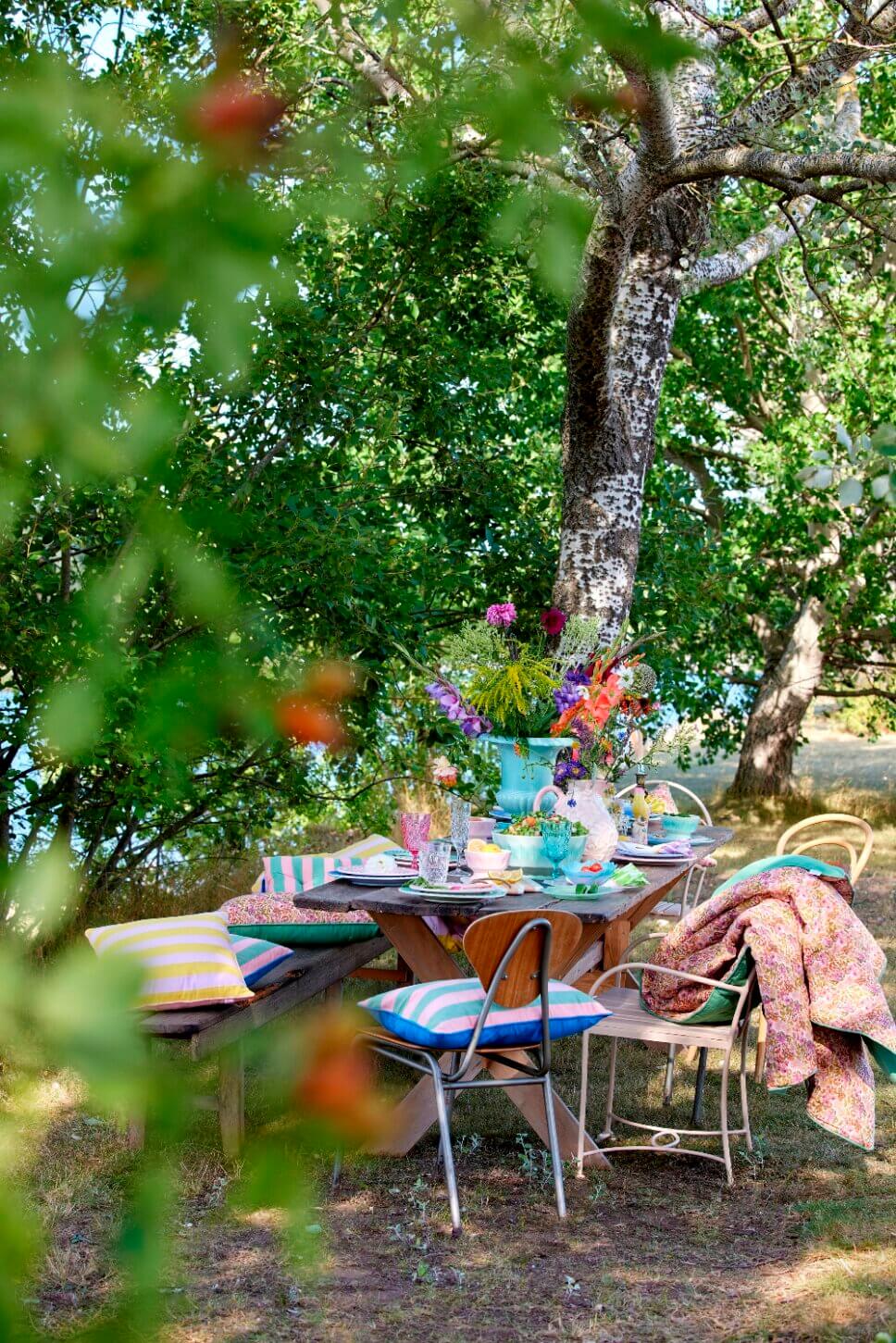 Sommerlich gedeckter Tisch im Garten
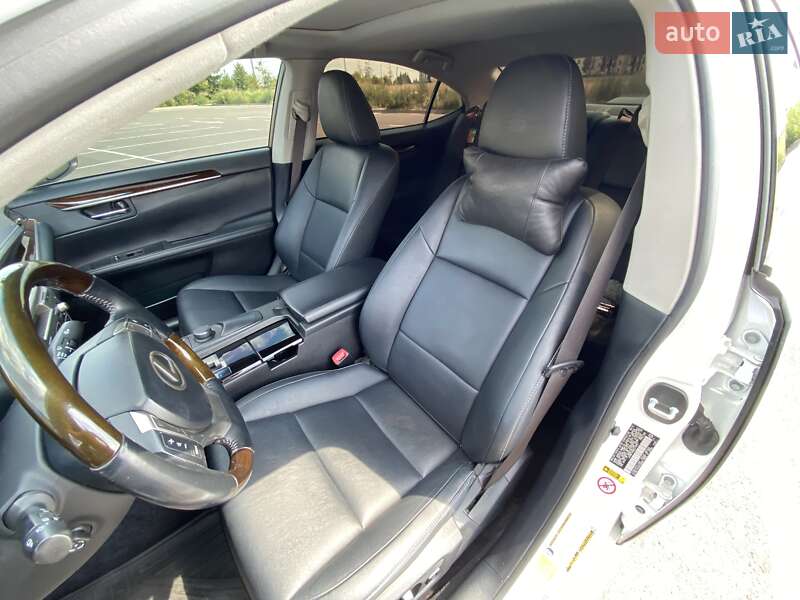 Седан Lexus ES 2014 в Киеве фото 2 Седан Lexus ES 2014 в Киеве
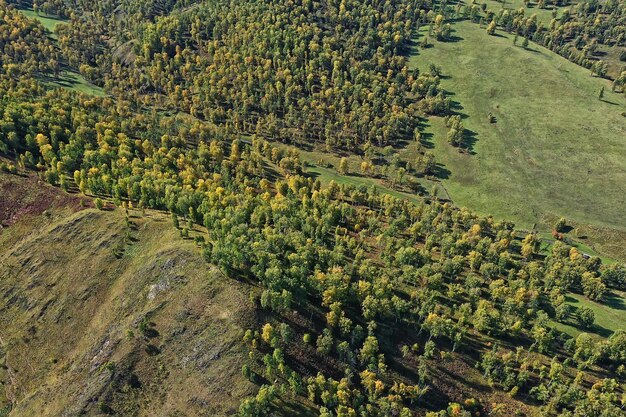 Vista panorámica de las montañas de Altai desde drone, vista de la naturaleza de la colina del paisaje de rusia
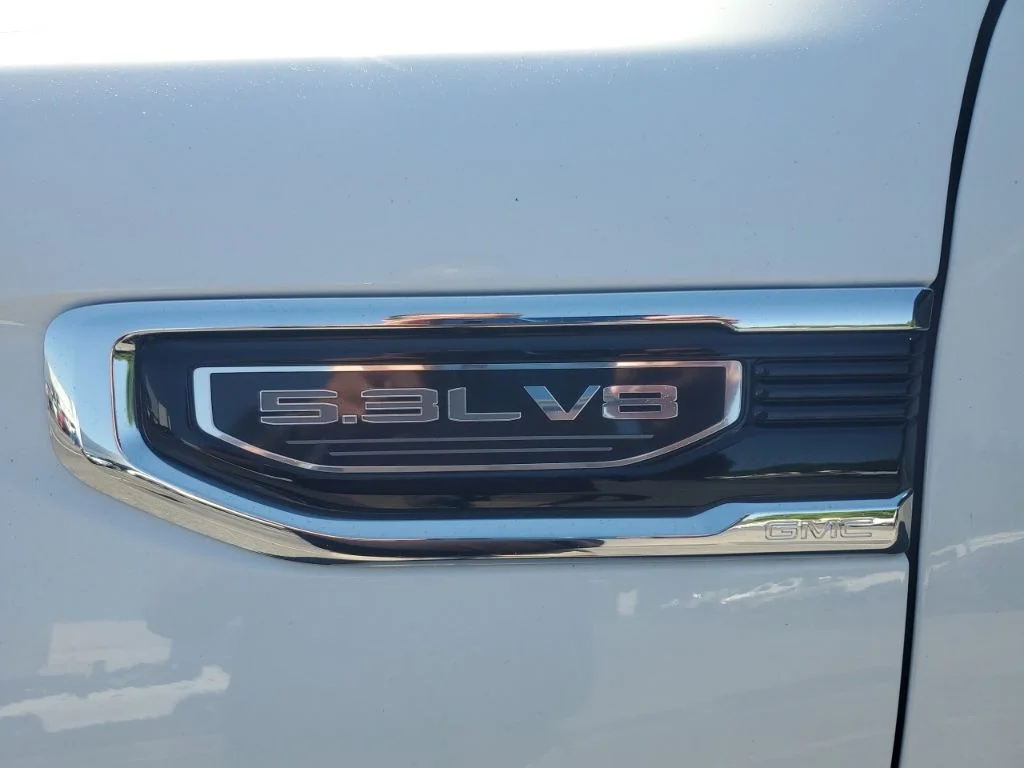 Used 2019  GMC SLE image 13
• • • • • • •
§ Exercise description:
Using the listing above, copy every line from the line containing "Vista panorámica de" through the last one, both included, and no other lines. Pictures stay out.

§ Expected answer:
 Vista panorámica de las montañas de Altai desde drone, vista de la naturaleza de la colina del paisaje de rusia
 Used 2019  GMC SLE image 13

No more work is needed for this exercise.